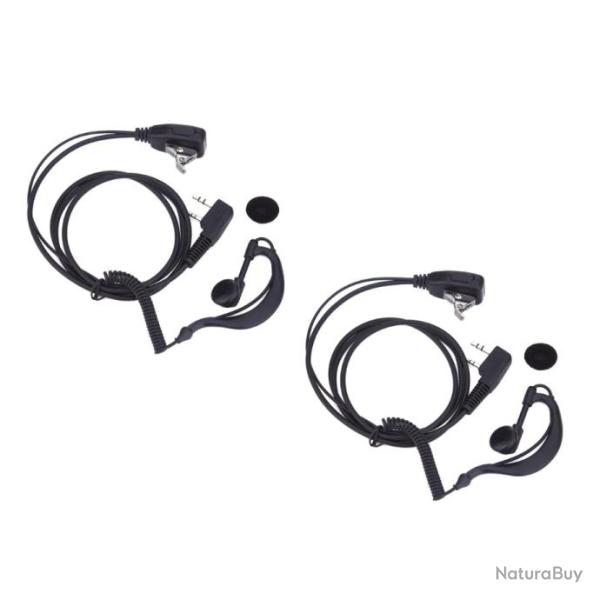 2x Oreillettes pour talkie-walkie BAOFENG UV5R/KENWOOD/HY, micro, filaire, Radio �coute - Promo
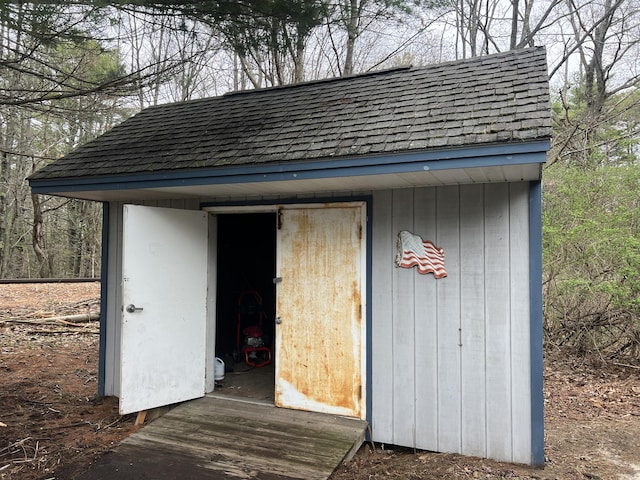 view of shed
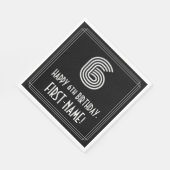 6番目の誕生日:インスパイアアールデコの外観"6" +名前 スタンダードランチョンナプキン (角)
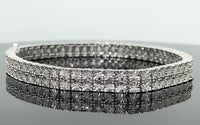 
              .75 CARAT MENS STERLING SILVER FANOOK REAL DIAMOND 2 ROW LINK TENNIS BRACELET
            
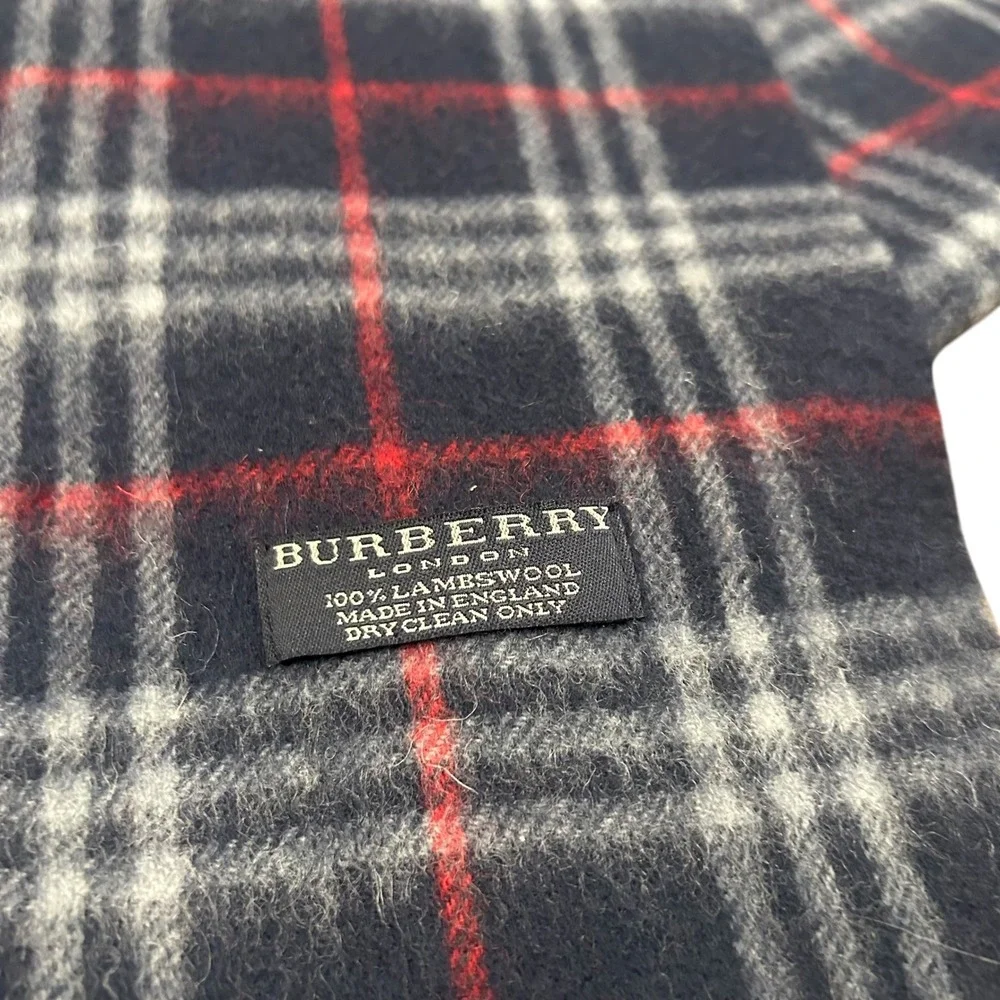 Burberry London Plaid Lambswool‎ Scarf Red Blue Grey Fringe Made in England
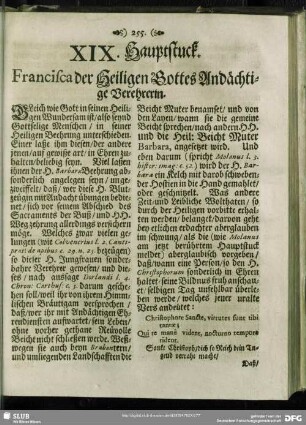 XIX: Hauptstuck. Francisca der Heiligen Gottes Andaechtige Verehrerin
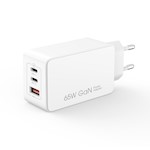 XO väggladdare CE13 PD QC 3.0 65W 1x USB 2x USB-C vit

| What is expected |
Everything in the records except the pictures should be retyped exactly.

| Result of the task |
 2x Oreillettes pour talkie-walkie BAOFENG UV5R/KENWOOD/HY, micro, filaire, Radio �coute - Promo
 view of shed
 6番目の誕生日:インスパイアアールデコの外観"6" +名前 スタンダードランチョンナプキン (角)
              .75 CARAT MENS STERLING SILVER FANOOK REAL DIAMOND 2 ROW LINK TENNIS BRACELET
            
 Burberry London Plaid Lambswool‎ Scarf Red Blue Grey Fringe Made in England
 XIX: Hauptstuck. Francisca der Heiligen Gottes Andaechtige Verehrerin
 XO väggladdare CE13 PD QC 3.0 65W 1x USB 2x USB-C vit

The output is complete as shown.